James - Is treating MS just a case of treating the inflammation and the flare-ups as they occur and relapsing remitting manifestations of the disease?

Will - So sadly not. Increasingly we're realising that inflammation is the biggest component at the beginning of the disease but we're also realising that other processes are happening right from the beginning. These are processes that lead to nerve death and these ultimately lead to the most disability.

James - For relapses, symptomatic periods of the disease, how effective are the treatments?

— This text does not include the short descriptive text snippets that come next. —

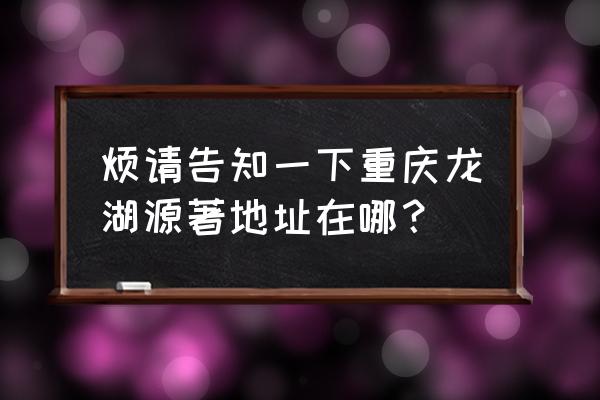 重庆龙湖源著地址 烦请告知一下重庆龙湖源著地址在哪？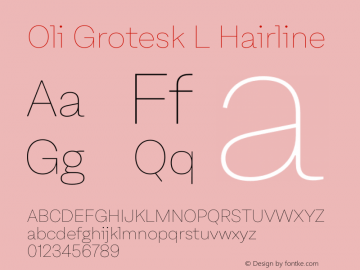 Oli Grotesk L Hairline Version 1.000 | w-rip DC20190830 Font Sample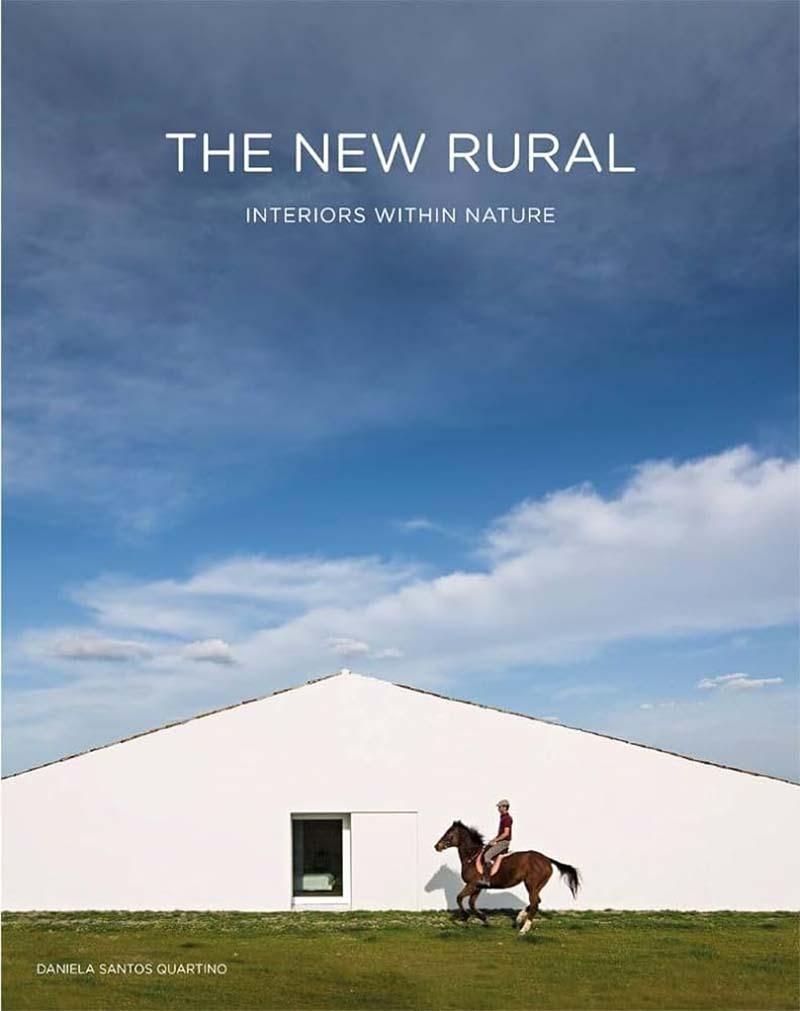 NEW RURAL Interiors Within Nature 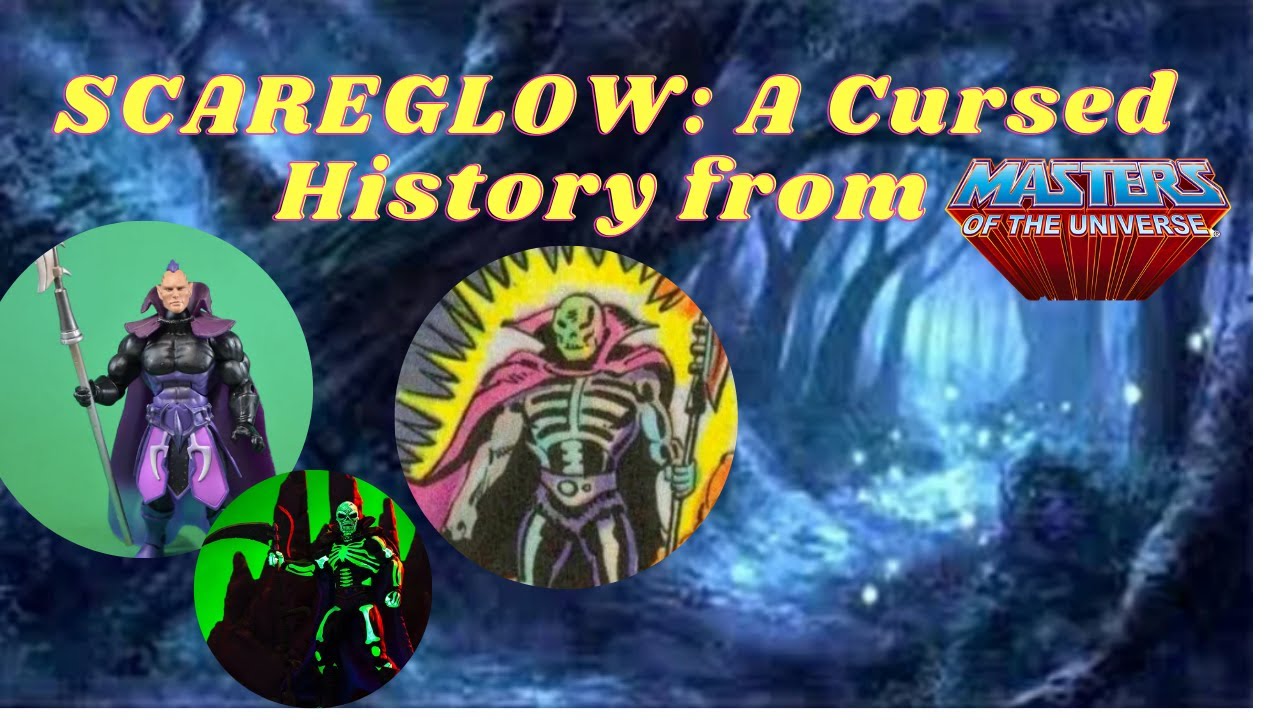 Who is SCAREGLOW from the Masters of the Universe (He-Man MOTU) World. A secret history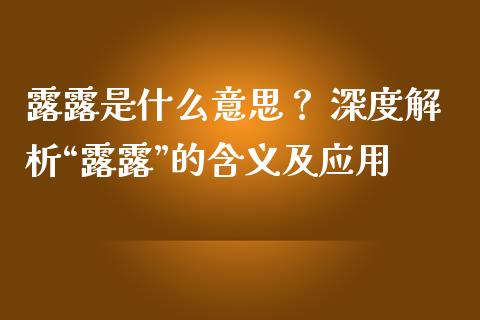 露露是什么意思？ 深度解析“露露”的含义及应用_https://wap.78312.cn_财经新闻_第1张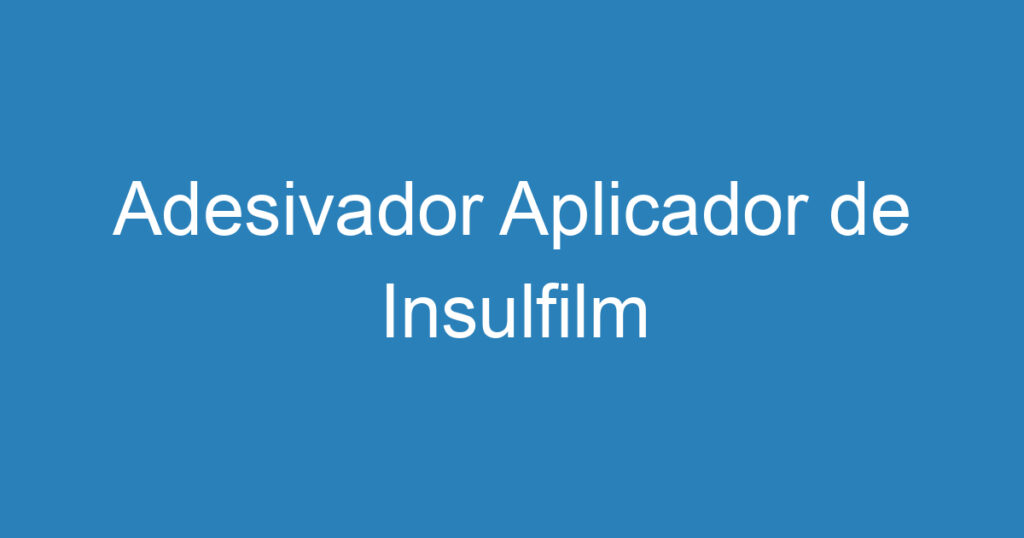 Adesivador Aplicador de Insulfilm 1 Adesivador Aplicador de Insulfilm 1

Will - So I'm a little biased but I'd argue that multiple sclerosis is one of the most exciting areas for therapeutics and that's because it's one of the few areas of neurology where we have truly disease modifying treatments. So since the late 90s more than 20 treatments have been licensed which can effectively reduce relapses and the disability that comes with them. I classify these into low, moderate and high efficacy all on the basis of the impact on relapses. So low efficacy treatments , which were the earliest ones that came about, reduce relapses by about a third and similarly they have a reduction in disability that comes with each relapse. More recently tablets have been licensed. These reduce relapses by about half. And finally the high efficacy treatments reduce relapses by about 80 to 85 percent and with a correspondingly greater effect on disability. But it's not that simple. With increasing efficacy usually comes increasing risk and also the monitoring requirements. So the decision is not simply a case of what's the strongest treatment we can give someone but it has to be a joint decision made with the patient to figure out what is the right treatment for them, what treatment do they need in terms of efficacy but also choosing based on their safety profiles, their family plans and also monitoring.